Exercise objective
What is needed here is a faithful repeat of every entry, with no character changed.

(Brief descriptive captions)
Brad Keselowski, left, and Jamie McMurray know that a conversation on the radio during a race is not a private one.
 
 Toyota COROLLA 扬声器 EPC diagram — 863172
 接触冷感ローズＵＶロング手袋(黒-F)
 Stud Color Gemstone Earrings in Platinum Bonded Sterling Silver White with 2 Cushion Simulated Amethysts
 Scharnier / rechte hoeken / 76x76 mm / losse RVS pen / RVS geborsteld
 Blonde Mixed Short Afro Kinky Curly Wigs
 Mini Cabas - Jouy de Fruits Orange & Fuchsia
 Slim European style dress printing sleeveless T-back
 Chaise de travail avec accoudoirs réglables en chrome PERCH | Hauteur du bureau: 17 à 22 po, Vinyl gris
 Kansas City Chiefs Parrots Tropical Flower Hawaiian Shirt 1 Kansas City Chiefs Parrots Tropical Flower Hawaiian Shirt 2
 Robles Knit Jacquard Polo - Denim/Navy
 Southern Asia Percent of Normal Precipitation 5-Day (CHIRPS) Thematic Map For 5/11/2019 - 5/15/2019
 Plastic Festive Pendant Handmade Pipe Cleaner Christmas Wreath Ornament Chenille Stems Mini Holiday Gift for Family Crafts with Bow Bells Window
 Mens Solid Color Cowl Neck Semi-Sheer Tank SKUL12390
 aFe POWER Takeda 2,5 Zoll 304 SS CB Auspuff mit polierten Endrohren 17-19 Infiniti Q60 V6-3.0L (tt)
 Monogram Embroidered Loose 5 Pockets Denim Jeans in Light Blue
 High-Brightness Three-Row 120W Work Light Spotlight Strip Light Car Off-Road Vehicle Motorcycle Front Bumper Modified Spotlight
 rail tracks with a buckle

Exercise result
Brad Keselowski, left, and Jamie McMurray know that a conversation on the radio during a race is not a private one.
 
 Toyota COROLLA 扬声器 EPC diagram — 863172
 接触冷感ローズＵＶロング手袋(黒-F)
 Stud Color Gemstone Earrings in Platinum Bonded Sterling Silver White with 2 Cushion Simulated Amethysts
 Scharnier / rechte hoeken / 76x76 mm / losse RVS pen / RVS geborsteld
 Blonde Mixed Short Afro Kinky Curly Wigs
 Mini Cabas - Jouy de Fruits Orange & Fuchsia
 Slim European style dress printing sleeveless T-back
 Chaise de travail avec accoudoirs réglables en chrome PERCH | Hauteur du bureau: 17 à 22 po, Vinyl gris
 Kansas City Chiefs Parrots Tropical Flower Hawaiian Shirt 1 Kansas City Chiefs Parrots Tropical Flower Hawaiian Shirt 2
 Robles Knit Jacquard Polo - Denim/Navy
 Southern Asia Percent of Normal Precipitation 5-Day (CHIRPS) Thematic Map For 5/11/2019 - 5/15/2019
 Plastic Festive Pendant Handmade Pipe Cleaner Christmas Wreath Ornament Chenille Stems Mini Holiday Gift for Family Crafts with Bow Bells Window
 Mens Solid Color Cowl Neck Semi-Sheer Tank SKUL12390
 aFe POWER Takeda 2,5 Zoll 304 SS CB Auspuff mit polierten Endrohren 17-19 Infiniti Q60 V6-3.0L (tt)
 Monogram Embroidered Loose 5 Pockets Denim Jeans in Light Blue
 High-Brightness Three-Row 120W Work Light Spotlight Strip Light Car Off-Road Vehicle Motorcycle Front Bumper Modified Spotlight
 rail tracks with a buckle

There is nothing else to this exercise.